# Model Fitting


One of the most common things in scientific computing is model fitting. Numerical Recipes devotes a number of chapters to this.

* scipy "curve_fit"
* astropy.modeling
* lmfit (emcee)
* pyspeckit

We will also need to be able to read data. We will use pickle (-01) and an ascii file reader (-02)

In [None]:
%matplotlib inline

import matplotlib.pyplot as plt
import numpy as np
import math
import matplotlib.mlab as mlab


# pickle
you may need to re-visit n6503-case1 and reset **peakpos** in **In[18]** and execute **In[20]** and **In[19]** to get the spectrum file

In [None]:
!ls -l n6503-*.p


In [None]:
try:
    import cPickle as pickle
except:
    import pickle
   
sp = pickle.load(open("n6503-sp.p","rb"))
# print(sp.keys())
velz = sp['z']
flux = sp['i']
plt.plot(velz,flux)
plt.xlabel(sp['zunit'])
plt.ylabel(sp['iunit'])
plt.title("Pos: %s %s" % (str(sp['xpos']),str(sp['ypos'])))
#  plt.title("Pos: %d %d" % (sp['xpos'],sp['ypos']))

In [None]:
# compute moments of this spectrum to get an idea what the mean and dispersion of this signal is
# recall this method can easily result in zdisp < 0 for noisy data
tmp1 = flux*velz 
tmp2 = flux*velz*velz
zmean = tmp1.sum()/flux.sum()
zdisp = tmp2.sum()/flux.sum() - zmean*zmean

print("mean,var:",zmean,zdisp)
if zdisp > 0:
    sigma = math.sqrt(zdisp)
    print("sigma,FWHM:",sigma,sigma*2.355)

Note the conversion factor from $\sigma$ to FWHM is $2\sqrt{2\ln{2}} \approx 2.355$, see also
https://en.wikipedia.org/wiki/Full_width_at_half_maximum

In [None]:
# noisy spectra can easily result in bogus values for mean and dispersion. Let's try something else:
imax = flux.argmax()
print("Max at %d: %g %g" % (imax, velz[imax], flux[imax]))
nn = 3
flux1 = flux[imax-nn:imax+nn]
velz1 = velz[imax-nn:imax+nn]

tmp1 = flux1*velz1 
tmp2 = flux1*velz1*velz1
zmean1 = tmp1.sum()/flux1.sum()
zdisp1 = tmp2.sum()/flux1.sum() - zmean1*zmean1

print("mean,var:",zmean1,zdisp1)
if zdisp1 > 0:
    sigma1 = math.sqrt(zdisp1)
    print("sigma,FWHM:",sigma1,sigma1*2.355)

The [scipy](https://docs.scipy.org/doc/scipy/reference/) module has a large number of optimization and fitting routines that work with numpy arrays.

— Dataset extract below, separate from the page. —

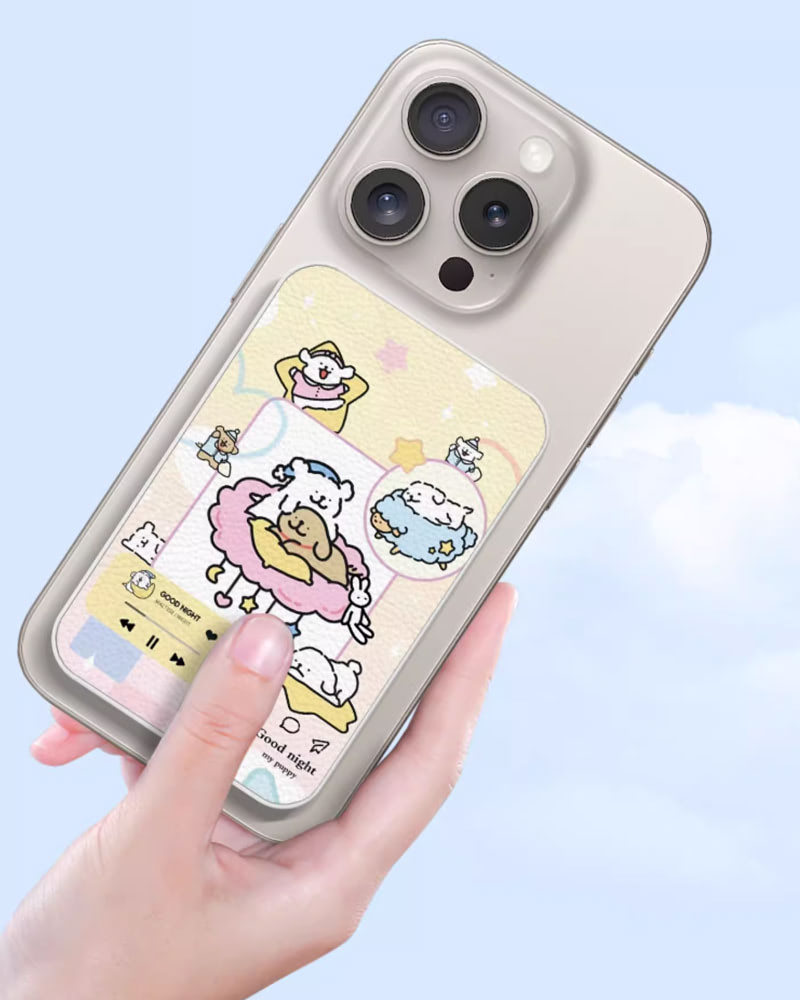 Magnetic Power Bank with Cute Dog Design 10000mAh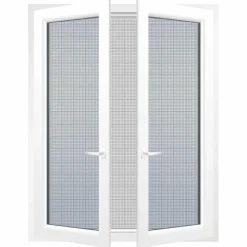 LUANCE Toile Moustiquaire pour fenêtre (250 x 250 cm) Blanc Outlet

They directly call lower level C routines, generally making fitting a fast process.

To fit an actual gaussian , instead of using moments, we use the [curve_fit](https://docs.scipy.org/doc/scipy/reference/generated/scipy.optimize.curve_fit.html#scipy.optimize.curve_fit)
function in [scipy.optimize](https://docs.scipy.org/doc/scipy/reference/tutorial/optimize.html):


In [None]:
from scipy.optimize import curve_fit

def gauss(x, *p):
    # if len(p) != 3: raise ValueError("Error, found %d, (%s), need 3" % (len(p),str(p)))
    A, mu, sigma = p
    return A*np.exp(-(x-mu)**2/(2.*sigma**2)) 

# p0 is the initial guess for the fitting coefficients (A, mu and sigma above, in that order)
# does it matter what the initial conditions are?
p0 = [0.01, 10, 10]
#p0 = [0.004, 24, 6]
#p0 = [0.007, 100, 22, 0]

coeff, cm = curve_fit(gauss, velz, flux, p0=p0)
flux_fit = gauss(velz, *coeff)

plt.plot(velz,flux,     label='Data')
plt.plot(velz,flux_fit, label='Fit')
plt.legend()

print("Fitted amp            :",coeff[0])
print("Fitted mean           :",coeff[1])
print("Fitted sigma and FWHM :",coeff[2], coeff[2]*2.355)
print("Covariance Matrix     :\n",cm)
# what are now the errors in the fitted values?
print("error amp:",math.sqrt(cm[0][0]))
print("error mean:",math.sqrt(cm[1][1]))
print("error sigma:",math.sqrt(cm[2][2]))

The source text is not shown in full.